Researchers have deciphered ancient Babylonian tablets that predict future disasters.
The 4,000-year-old artifacts were found more than 100 years ago in modern day Iraq but have only now been completely translated and linked to astronomical events.
Ancient Babylonians had a special interest in the cosmos, especially the moon, and associated lunar eclipses with natural disasters and historic events.
Although the tablets were added to the British Museum’s collection between 1892 and 1914, this revelation marks the first time the cuneiform has been completely translated and linked to astronomical predictions and omens.
The omens predicted harsh environmental disasters including one that said: ‘In spring a locust swarm will arise and strike the crops/my land’s crops. There will be a dearth of food.’
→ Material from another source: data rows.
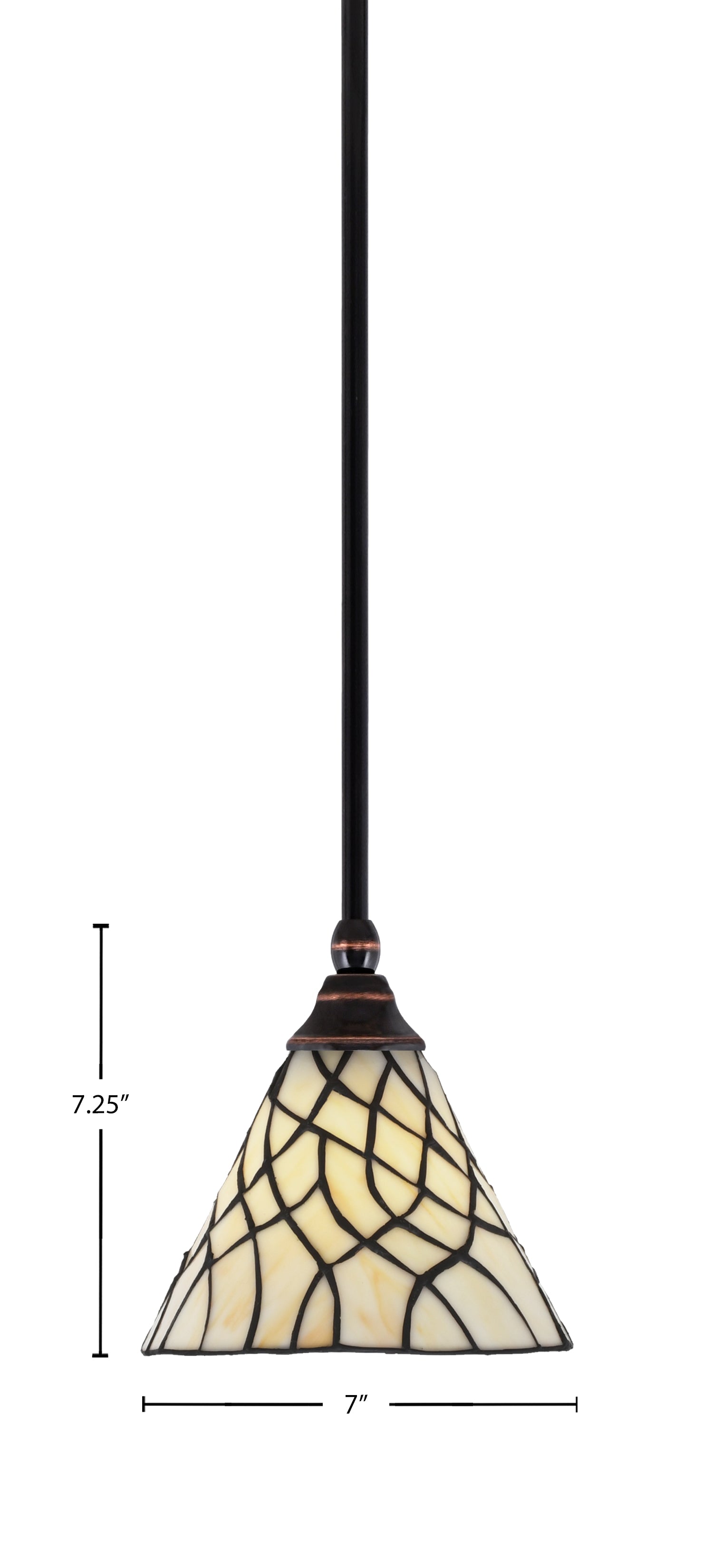 Any One Light Mini Pendant in Black Copper with 7" Sandhill Art Glass Shade
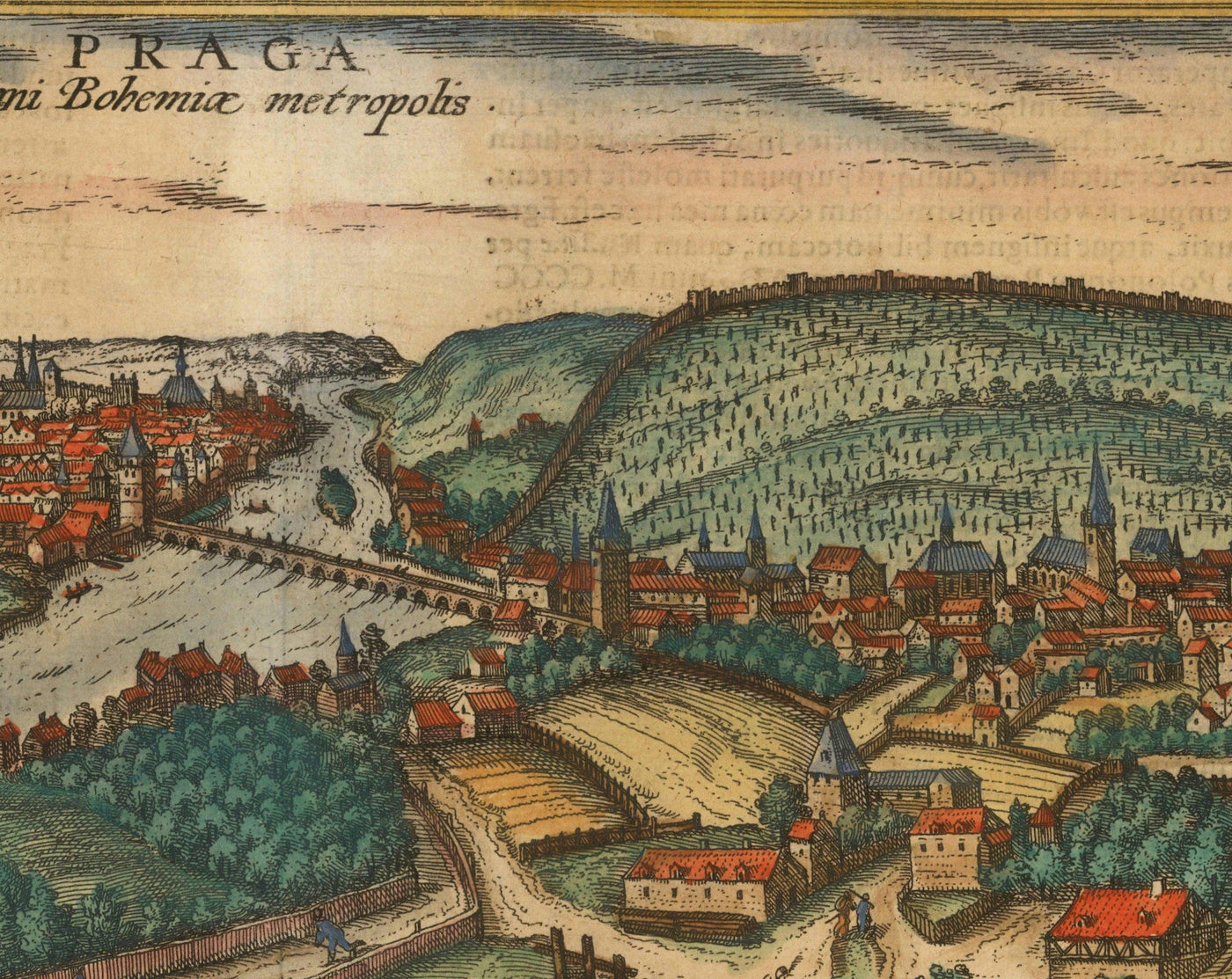 Mapa antiguo de Praga, Chequia, por Georg Braun, 1572 - Bohemia, Castillo, Moldava, Iglesia de Týn Teyn, Ciudad Vieja, Mala Strana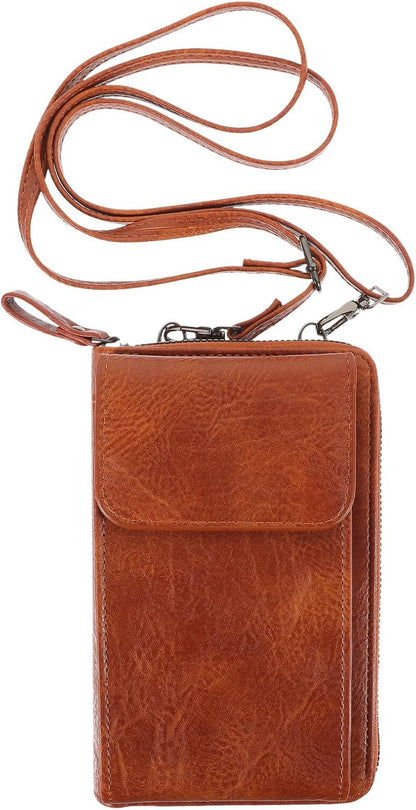 Women’s Crossbody Phone Purse Portable Outdoor Bag Multifunctional Brown Leather Money Storage Pouch for Travel and Everyday Use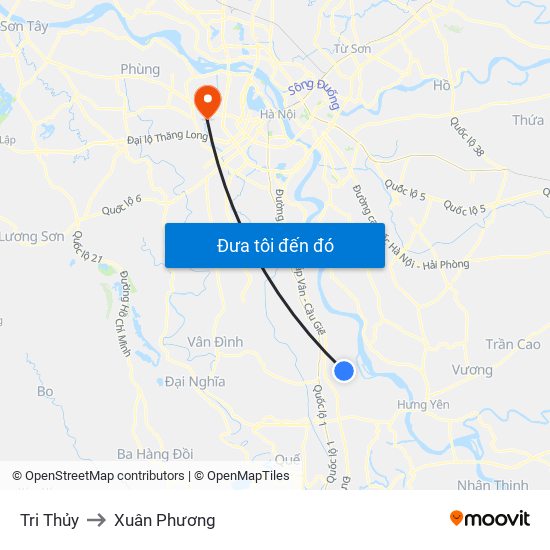 Tri Thủy to Xuân Phương map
It also talked about revolts upon the land, both from foreign adversaries and weather, the study revealed.
One deciphered omen said: ‘There will be rain and floodwater and Adad will devastate the threshing floors.
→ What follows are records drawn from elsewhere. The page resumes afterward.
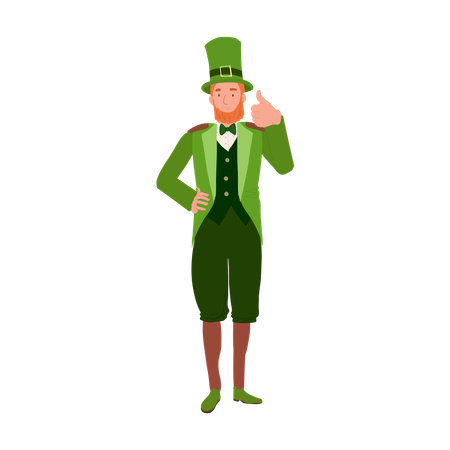 Smiling Man in Leprechaun Costume doing thumb up  Illustration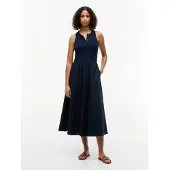 Tommy Hilfiger Gold Btn Poplin Mix Tank Drs - Navy - XL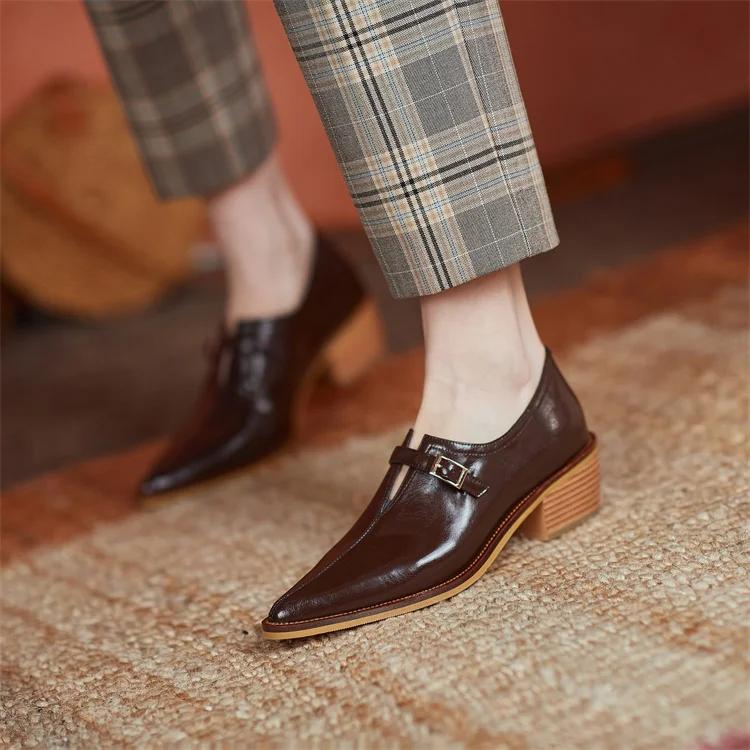 Fashion 2024 New Spring Women Shoes Pumps Pointed Toe Chunky Heel Comfortable All-match Casual Shoes Retro Med Heel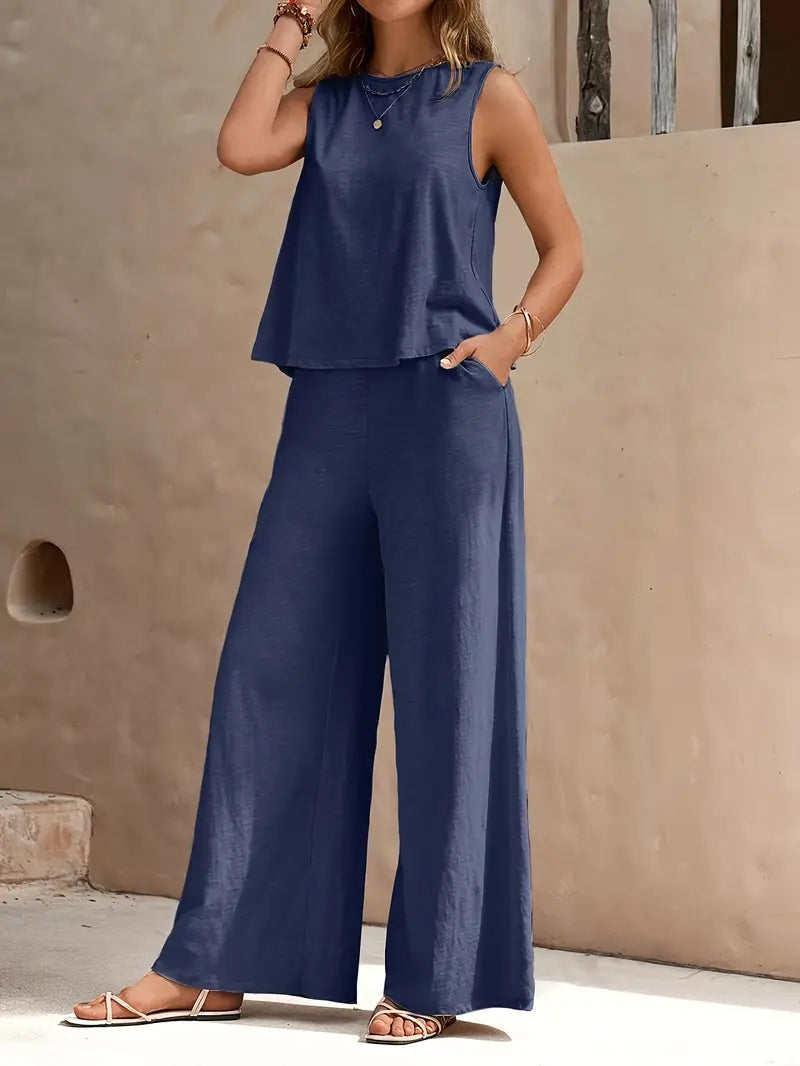 Fenna | Mouwloze Linnen Top + Gratis Linnen Broek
There will occur an attack by an Elamite army, a Gutian army, on the land. It will destroy a land that revolts. The land will perish.’
A separate omen added: ‘As for a land that revolts, the enemy will demolish cities, city walls, my city walls, the walls of our city.’
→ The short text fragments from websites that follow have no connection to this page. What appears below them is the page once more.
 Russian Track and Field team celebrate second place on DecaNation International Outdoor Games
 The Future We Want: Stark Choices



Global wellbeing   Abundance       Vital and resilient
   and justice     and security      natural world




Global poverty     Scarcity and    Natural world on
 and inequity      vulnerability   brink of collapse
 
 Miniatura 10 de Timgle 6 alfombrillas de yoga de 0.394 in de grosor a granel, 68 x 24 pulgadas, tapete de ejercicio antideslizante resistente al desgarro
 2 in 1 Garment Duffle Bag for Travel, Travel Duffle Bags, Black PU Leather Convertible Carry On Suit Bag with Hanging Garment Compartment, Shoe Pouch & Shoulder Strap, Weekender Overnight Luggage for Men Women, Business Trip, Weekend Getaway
The tablets are believed to come from Sippar – a city that flourished during the Babylonian Empire in what is now Iraq and date back to the middle and late Old Babylonian periods from about 1894 to 1595 BC.
The researchers suggested its possible that ancient people may have relied on past experiences to determine any omens the lunar eclipses predicted and this discovery makes these slabs the ‘oldest examples of compendia of lunar-eclipse omens yet discovered.’
Ancient Babylonians learned when to expect a lunar eclipse and often claimed it foretold the death of their kind and would conduct rituals to save the current monarch from his alleged fate, according to the researchers.
Researchers worked to decipher the cuneiform language, which is one of the oldest known forms of writing that means ‘wedge shaped’ because people used a reed stylus to create the wedge-shaped marks on clay tablets.